A Administração Geral Tributária (AGT) angolana remeteu, este ano, às autoridades judiciais 35 processos de fraude fiscal aduaneira, avançou hoje a chefe de departamento de Investigação da Direção de Serviços Antifraude do fisco angolano.

Noémia Ido falava à imprensa à margem do arranque de uma formação sobre “Fraude Fiscal, Branqueamento e Corrupção: Quem, Onde e Como?”, de iniciativa da AGT, em cooperação com a Procuradoria-Geral da República de Angola.

Sobre os crimes tributários, Noémia Ido, realçou que não são isolados e estão geralmente ligados a outros crimes, essencialmente o branqueamento de capitais.
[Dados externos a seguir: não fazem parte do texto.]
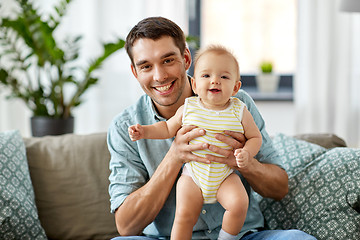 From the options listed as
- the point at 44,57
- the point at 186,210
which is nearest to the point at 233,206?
the point at 186,210

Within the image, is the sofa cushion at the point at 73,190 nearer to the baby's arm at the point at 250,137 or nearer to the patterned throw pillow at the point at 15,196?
the patterned throw pillow at the point at 15,196

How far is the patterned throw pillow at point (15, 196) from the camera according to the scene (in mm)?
1897

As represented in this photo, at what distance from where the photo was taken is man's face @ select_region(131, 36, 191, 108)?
1736mm

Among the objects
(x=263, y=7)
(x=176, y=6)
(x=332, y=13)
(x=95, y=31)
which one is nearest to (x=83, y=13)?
(x=95, y=31)

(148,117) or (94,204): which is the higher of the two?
(148,117)

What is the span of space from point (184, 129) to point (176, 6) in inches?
85.3

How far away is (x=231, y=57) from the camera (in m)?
1.56

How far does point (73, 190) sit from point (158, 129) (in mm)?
711

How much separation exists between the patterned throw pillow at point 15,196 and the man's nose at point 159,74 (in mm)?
769

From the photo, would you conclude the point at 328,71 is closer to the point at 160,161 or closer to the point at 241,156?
the point at 160,161

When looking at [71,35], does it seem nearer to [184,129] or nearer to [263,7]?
[263,7]

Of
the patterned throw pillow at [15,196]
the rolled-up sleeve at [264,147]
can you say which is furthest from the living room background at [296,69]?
the rolled-up sleeve at [264,147]

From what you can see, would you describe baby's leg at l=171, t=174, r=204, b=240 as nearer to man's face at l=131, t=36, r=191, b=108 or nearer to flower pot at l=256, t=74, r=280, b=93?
man's face at l=131, t=36, r=191, b=108

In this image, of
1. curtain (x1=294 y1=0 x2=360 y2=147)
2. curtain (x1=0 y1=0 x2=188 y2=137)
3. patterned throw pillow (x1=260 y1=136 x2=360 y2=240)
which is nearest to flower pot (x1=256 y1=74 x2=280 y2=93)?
curtain (x1=294 y1=0 x2=360 y2=147) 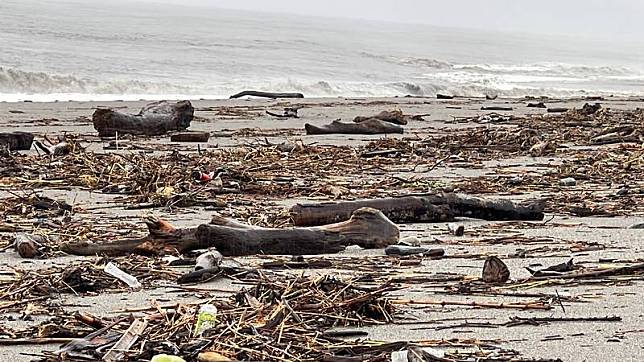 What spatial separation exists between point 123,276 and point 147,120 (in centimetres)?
813

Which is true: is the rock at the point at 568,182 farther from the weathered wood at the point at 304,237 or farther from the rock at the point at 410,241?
the weathered wood at the point at 304,237

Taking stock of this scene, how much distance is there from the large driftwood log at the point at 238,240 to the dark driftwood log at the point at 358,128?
24.6 feet

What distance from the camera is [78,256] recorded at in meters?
4.16

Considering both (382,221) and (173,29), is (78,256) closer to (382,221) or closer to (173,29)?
(382,221)

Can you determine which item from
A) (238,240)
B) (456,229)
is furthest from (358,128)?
(238,240)

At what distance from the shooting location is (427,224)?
17.0 ft

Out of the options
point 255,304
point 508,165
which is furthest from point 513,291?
point 508,165

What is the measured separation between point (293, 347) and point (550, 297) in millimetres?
1173

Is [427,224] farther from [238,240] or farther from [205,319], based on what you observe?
[205,319]

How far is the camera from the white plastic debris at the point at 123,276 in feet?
11.4

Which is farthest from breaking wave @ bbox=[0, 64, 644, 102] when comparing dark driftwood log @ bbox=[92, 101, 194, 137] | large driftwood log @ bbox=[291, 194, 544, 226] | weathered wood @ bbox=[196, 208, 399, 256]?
weathered wood @ bbox=[196, 208, 399, 256]

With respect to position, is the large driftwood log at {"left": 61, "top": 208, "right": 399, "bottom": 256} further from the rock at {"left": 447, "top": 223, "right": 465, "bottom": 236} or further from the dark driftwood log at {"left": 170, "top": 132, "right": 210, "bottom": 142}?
the dark driftwood log at {"left": 170, "top": 132, "right": 210, "bottom": 142}

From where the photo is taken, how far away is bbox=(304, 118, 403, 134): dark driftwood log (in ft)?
38.8

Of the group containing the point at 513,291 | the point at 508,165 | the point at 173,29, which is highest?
the point at 513,291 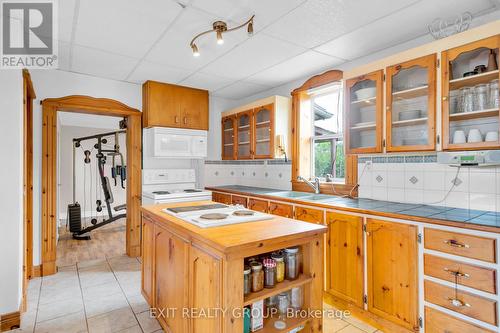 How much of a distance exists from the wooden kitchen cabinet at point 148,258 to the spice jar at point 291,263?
1102mm

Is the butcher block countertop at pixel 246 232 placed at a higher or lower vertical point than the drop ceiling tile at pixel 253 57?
lower

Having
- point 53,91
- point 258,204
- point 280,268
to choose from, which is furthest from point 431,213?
point 53,91

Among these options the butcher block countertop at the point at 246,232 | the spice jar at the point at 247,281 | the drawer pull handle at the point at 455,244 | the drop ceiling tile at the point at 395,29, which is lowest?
the spice jar at the point at 247,281

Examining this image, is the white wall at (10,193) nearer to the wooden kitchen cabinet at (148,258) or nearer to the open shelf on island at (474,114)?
the wooden kitchen cabinet at (148,258)

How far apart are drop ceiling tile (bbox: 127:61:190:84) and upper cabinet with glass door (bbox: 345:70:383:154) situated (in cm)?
201

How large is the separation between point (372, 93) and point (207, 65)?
6.01 ft

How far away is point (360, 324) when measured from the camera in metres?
2.17

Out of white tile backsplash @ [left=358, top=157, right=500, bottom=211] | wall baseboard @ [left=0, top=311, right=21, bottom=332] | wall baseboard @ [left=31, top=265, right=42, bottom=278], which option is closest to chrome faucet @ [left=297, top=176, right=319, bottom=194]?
white tile backsplash @ [left=358, top=157, right=500, bottom=211]

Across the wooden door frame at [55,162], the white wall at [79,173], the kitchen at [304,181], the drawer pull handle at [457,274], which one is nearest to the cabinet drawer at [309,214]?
the kitchen at [304,181]

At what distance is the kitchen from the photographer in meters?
1.58

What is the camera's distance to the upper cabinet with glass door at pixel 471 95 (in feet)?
6.00

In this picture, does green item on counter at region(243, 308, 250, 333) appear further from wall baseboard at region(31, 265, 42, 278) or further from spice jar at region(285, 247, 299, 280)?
wall baseboard at region(31, 265, 42, 278)

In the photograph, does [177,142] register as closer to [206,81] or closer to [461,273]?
[206,81]

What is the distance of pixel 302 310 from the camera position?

Noémia Ido disse que têm sido identificados também crimes a nível dos impostos, sobretudo relacionados com o Imposto de Rendimento de Trabalho (IRT).

“É o que mais acontece, sabemos de algumas empresas que fazem retenção de imposto e não entregam ao Estado, tem também acontecido relativamente ao IVA [Imposto sobre Valor Acrescentado], são empresas que fazem a cobrança indevida do IVA e muitas vezes não entregam ao Estado”, salientou.

Na abertura do evento, o presidente do conselho de administração da AGT, José Leiria, destacou que, nos próximos dois dias, técnicos do fisco angolano e de outras instituições vão reforçar o conhecimento sobre essas matérias.

“É necessário compreendermos o que é isso de fraude fiscal, enquanto crime, como nós na AGT devemos actuar, como trabalhar de forma coordenada com a PGR, como os órgãos de investigação do país devem olhar para estes temas, que tipo de aspetos devemos olhar, analisar, com mais atenção e equidade”, referiu.

José Leiria salientou que o crime de fraude fiscal corrói a capacidade do Estado de realizar despesas, “porque leva a menos arrecadação de impostos”, enquanto o tema da corrupção fragiliza o país e levanta desafios de reputação.

Por sua vez, o Procurador-Geral da República de Angola, Pedro Mendes de Carvalho, vincou que o combate à criminalidade económica financeira exige preparação técnica e estreita cooperação institucional.

Pedro Mendes de Carvalho considerou ainda que esta iniciativa para magistrados, técnicos, investigadores e especialistas de diferentes áreas, é uma oportunidade para aproximar saberes, confrontar experiências, partilhar boas práticas e fortalecer a cooperação entre as instituições chamadas a intervir na prevenção, detenção, investigação e responsabilização.

O objetivo desta formação é reunir todos os órgãos com responsabilidade nessas matérias para de forma coordenada dar resposta, melhorando a qualidade da informação, das diligências de informação e investigação, contribuindo para processos mais completos e mais bem instruídos para remeter às instâncias judiciais, acrescentou Noémia Ido.

De acordo com a responsável, a maior dificuldade para os técnicos tem a ver com o domínio dessas matérias, daí a cooperação com especialistas portugueses para formação de quadros da AGT, Serviço de Investigação Criminal, Ministério Público e magistrados judiciais.

Carla Castelo Trindade, professora universitária na Universidade Católica portuguesa, presidente dos tribunais fiscais arbitrais e consultora da AGT para o Crime Económico, uma das formadoras desta Executive Masterclass, considerou que Angola está a fazer o seu caminho, mas “há muitos desafios pela frente”.

“Há uma pressão muito grande, mas Angola está comprometida e a fazer o seu caminho com uma fortíssima vontade de mostrar o que é capaz”, frisou, sublinhando que o país alterou recentemente a lei do branqueamento de capitais, sendo necessário agora “tornar a lei realidade”.